Democracia por um fio
Quando o chefe do Executivo admite que quebrou a regra eleitoral e trata a punição como detalhe, o recado para a base é perigoso: se o líder pode passar por cima da lei, por que os outros não poderiam?
A erosão da confiança nas instituições não vem do povo, vem de cima, de quem deveria dar o exemplo.
Isso é só mais um deslize?
Não, é mais um capítulo de uma longa história de desrespeito às regras, sempre relativizado quando o protagonista é Lula.

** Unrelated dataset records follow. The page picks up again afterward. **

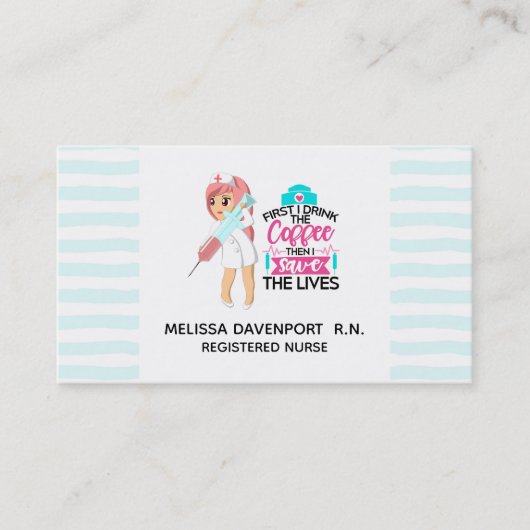 大おもしろい皮下針付ナースことわざ 名刺 (正面)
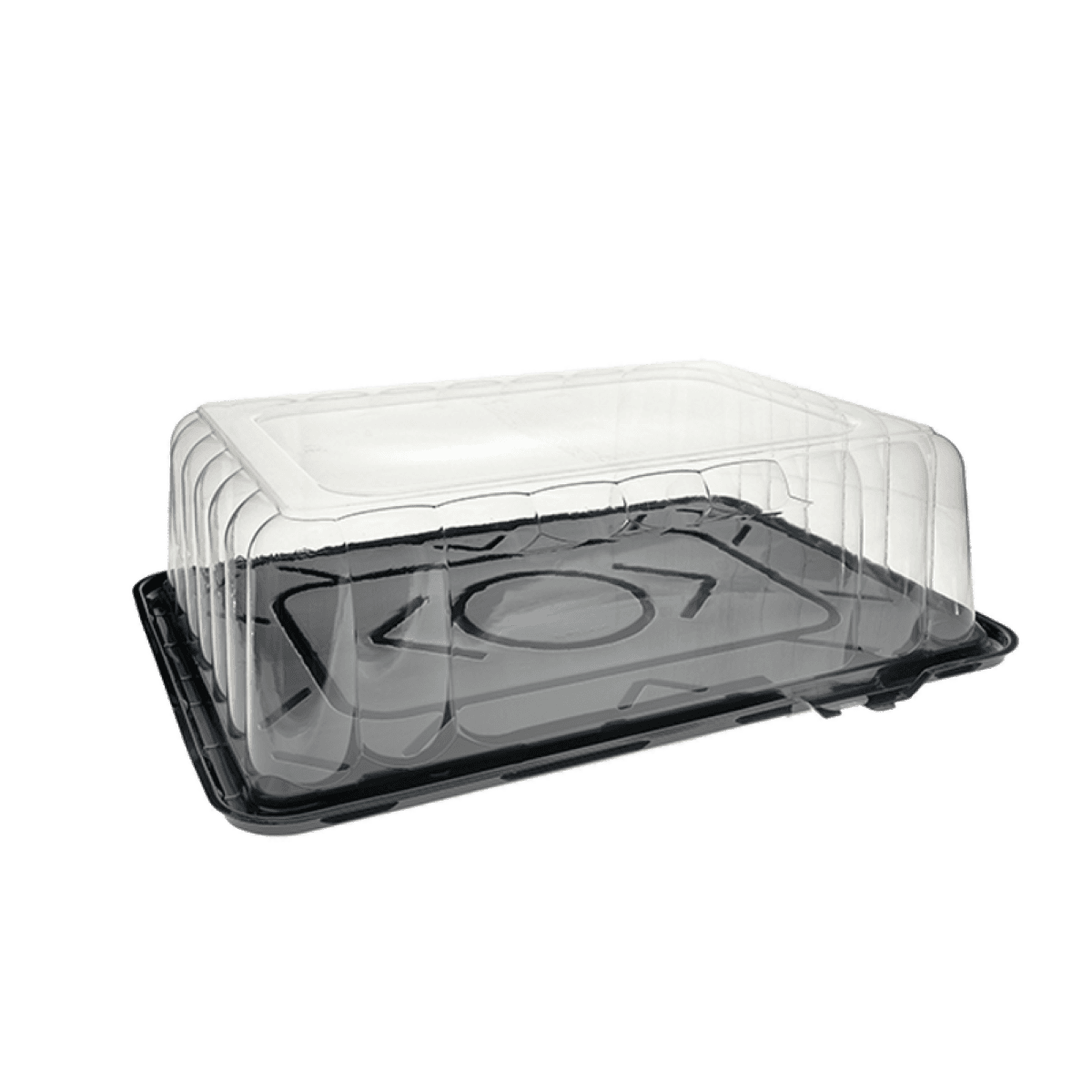 1/4 Sheet Cake Container & Lid Combo With Rosedome Lid 15X11 IN PET Black Clear 50/Case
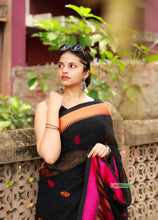 Load image into Gallery viewer, Krishnokoli- Pure handloom Jayashree Linen Saree (Black)
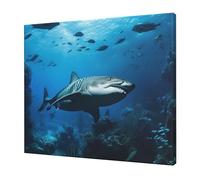 POCUK Underwater Wildlife Painting 20x24in Wall Art Canvas Prints Picture Modern Artwork Poster Decorate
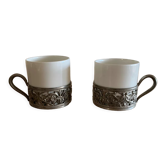 2 cups tin, les Etains de l'Ile de France, and porcelain cups Jammet Seignolles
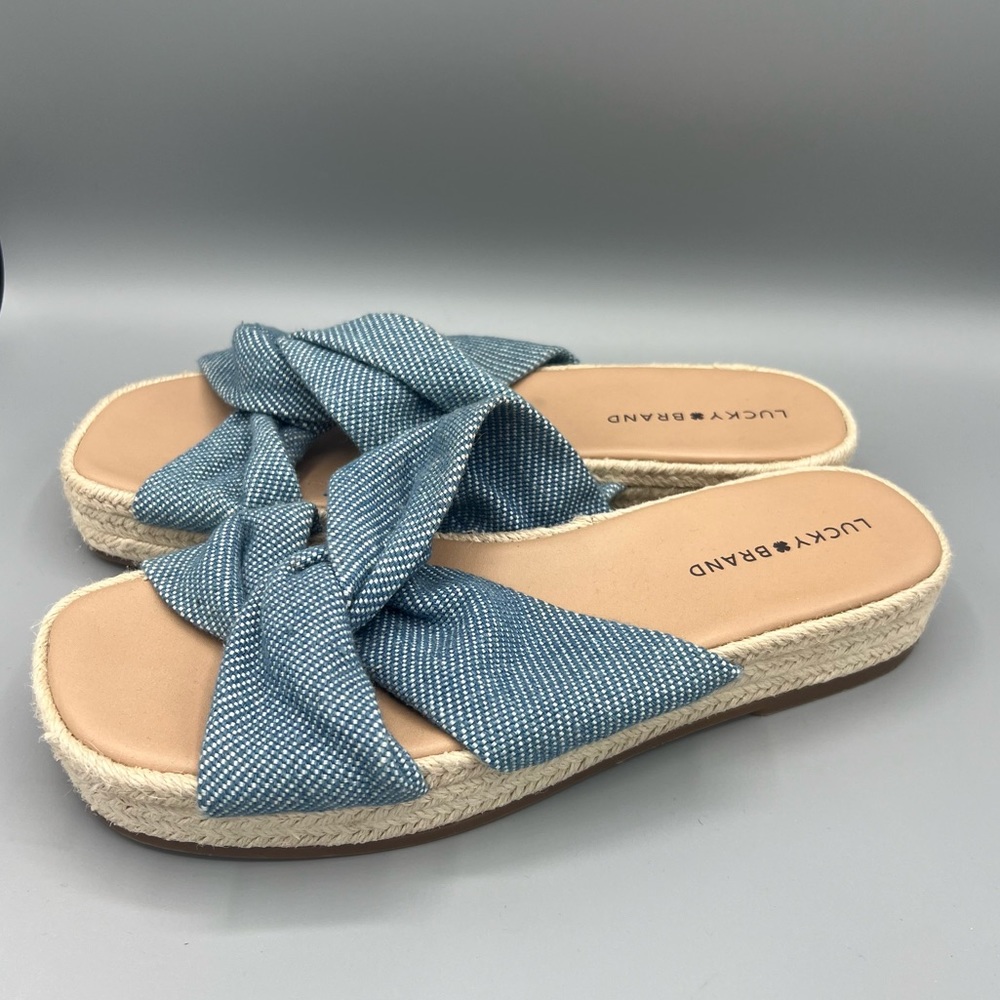 Lucky Brand Women Size 10 Blue Grenley Espadrille Front Twist Slide Sandal Shoes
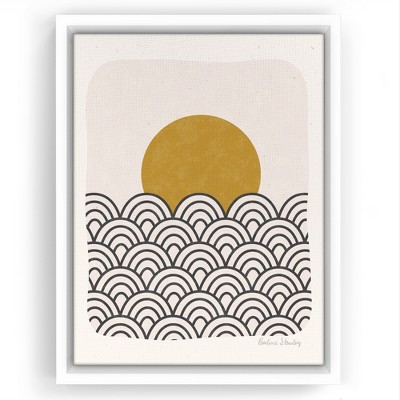 Americanflat - 12x16 Floating Canvas White - Sun Waves Ochre Black By ...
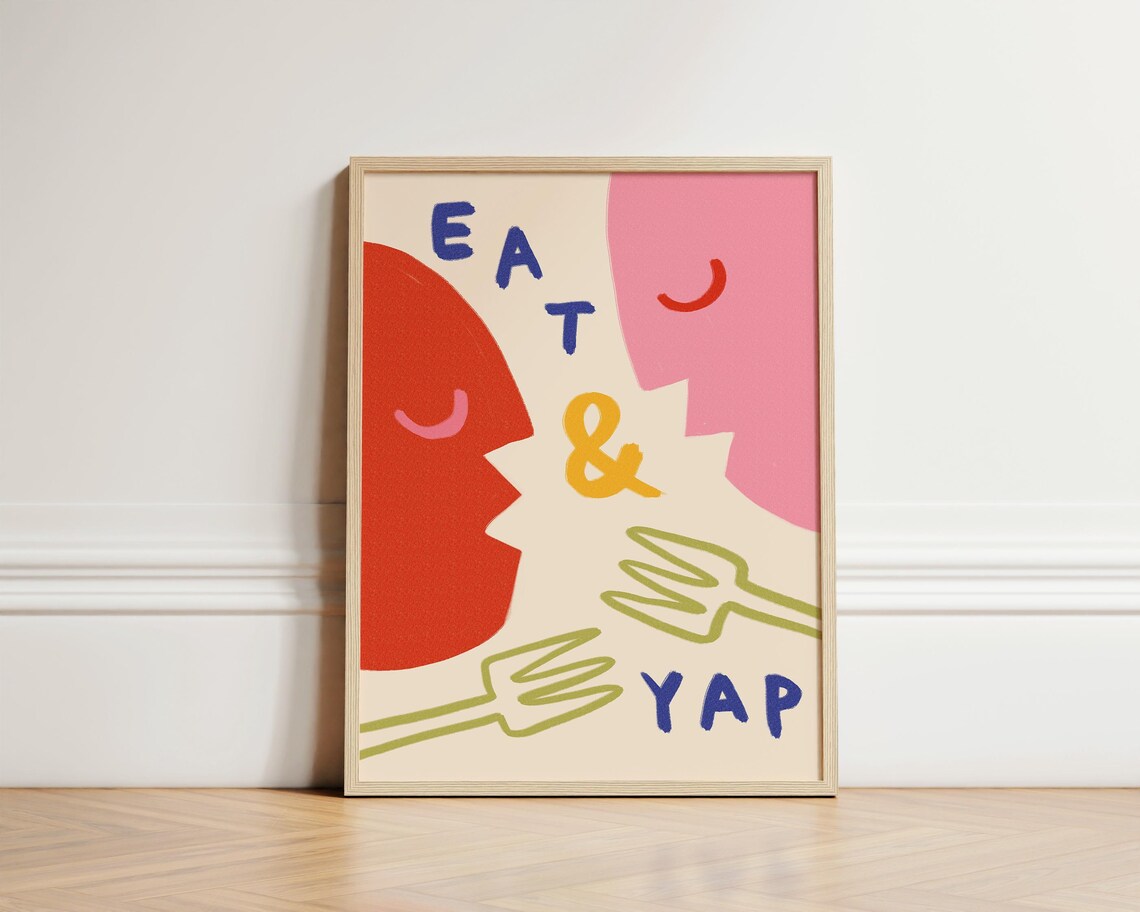Eat And Yap Print Kitchen Wall Art Abstract Quirky Poster Dining Room Apartment Decor Unframed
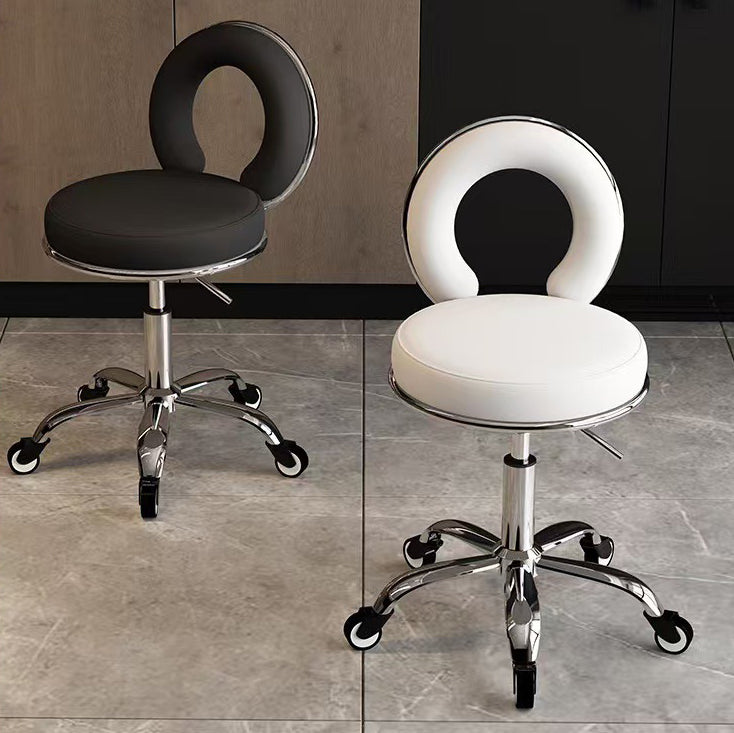 Contemporary Scandinavian Round Cushion Hollow Synthetic Electroplating Metal Vanity Stool Backrest Armless For Bedroom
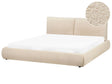 EU Super King Size Bed Light Beige Boucle Upholstery 6ft Slatted Base with Thick Padded Headboard Footboard Modern Style Bedroom Beliani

Por que a imprensa não explode esse caso?
Porque boa parte da mídia prefere minimizar erros da esquerda e concentrar fogo apenas na direita.
Até quando isso
O brasileiro conservador olha para essa cena e se pergunta: até quando o sistema vai fingir que está tudo normal?
Até quando Lula poderá testar os limites da lei eleitoral sem enfrentar consequências reais?
Até quando o TSE vai manter dois pesos e duas medidas?
Por que o Brasil precisa reagir?
Porque, se o país aceitar que o presidente pode violar a lei eleitoral e seguir em frente como se nada tivesse acontecido, amanhã qualquer abuso será normalizado.
Por que essa confissão é tão grave?
Porque não é um deslize escondido: é o próprio presidente, em público, admitindo que sabe da lei, sabe que descumpriu e, mesmo assim, segue em campanha, confiando na impunidade.
Lula confessou, o vídeo está aí, o TSE foi acionado.
Agora, a pergunta que não quer calar é simples e direta: a lei eleitoral ainda vale para todos ou virou só mais um enfeite para inglês ver?